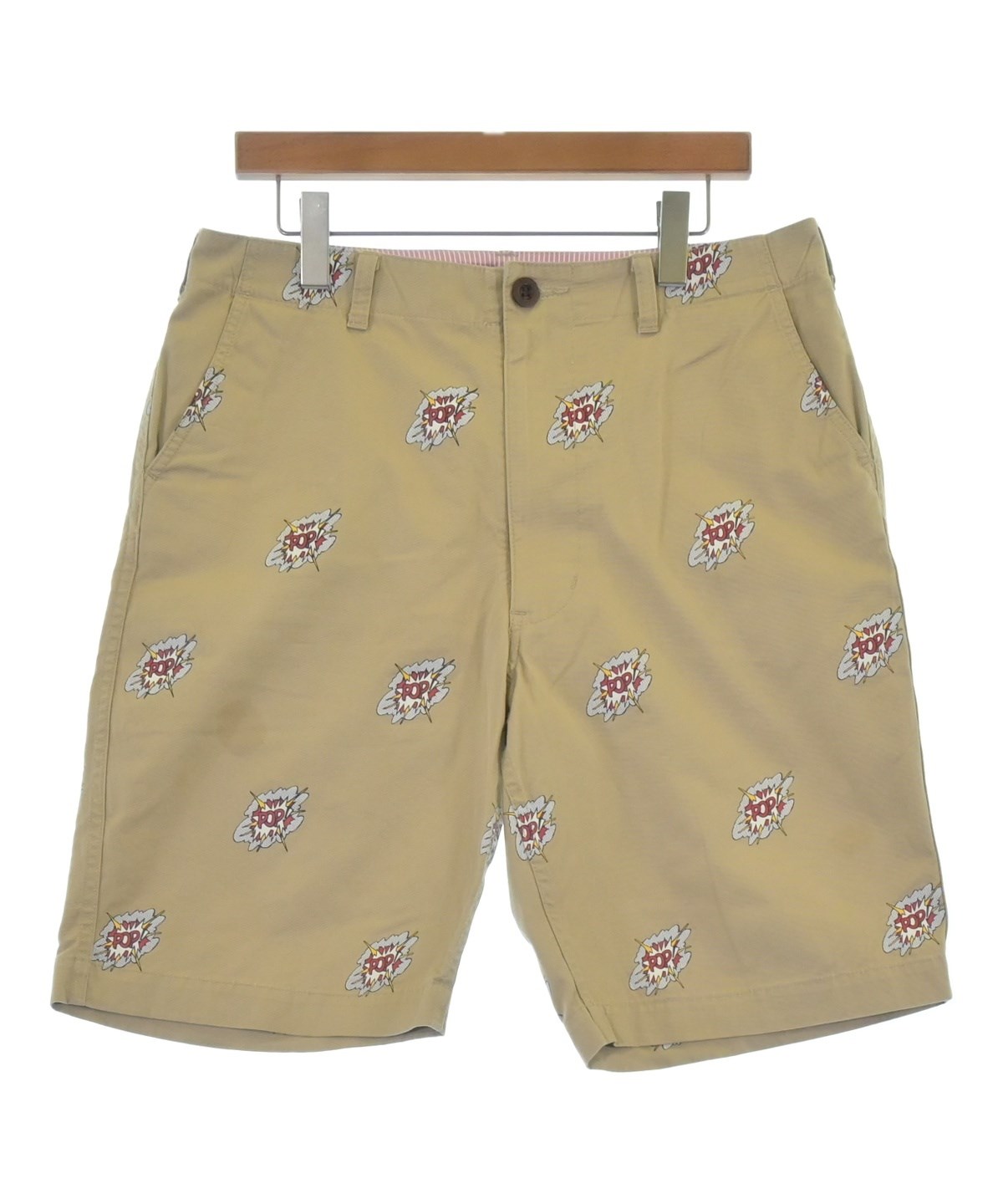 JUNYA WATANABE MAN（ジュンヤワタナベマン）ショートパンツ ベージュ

* * *

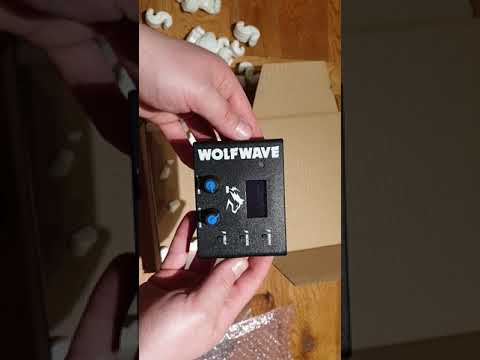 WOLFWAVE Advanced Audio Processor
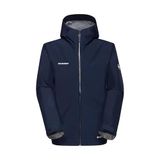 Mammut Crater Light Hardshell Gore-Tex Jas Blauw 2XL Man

--

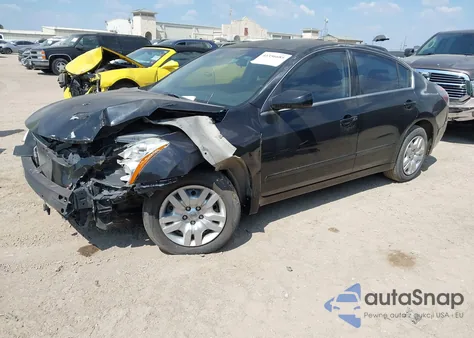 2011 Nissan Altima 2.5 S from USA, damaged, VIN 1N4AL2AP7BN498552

**Task statement:** Return word for word the lines of the listing above, starting at the line with "WOLFWAVE Advanced Audio Processor" and ending at the line with "Mammut Crater Light", both included. Pictures do not belong in the copy.

**Expected output:**
 WOLFWAVE Advanced Audio Processor
 Mammut Crater Light Hardshell Gore-Tex Jas Blauw 2XL Man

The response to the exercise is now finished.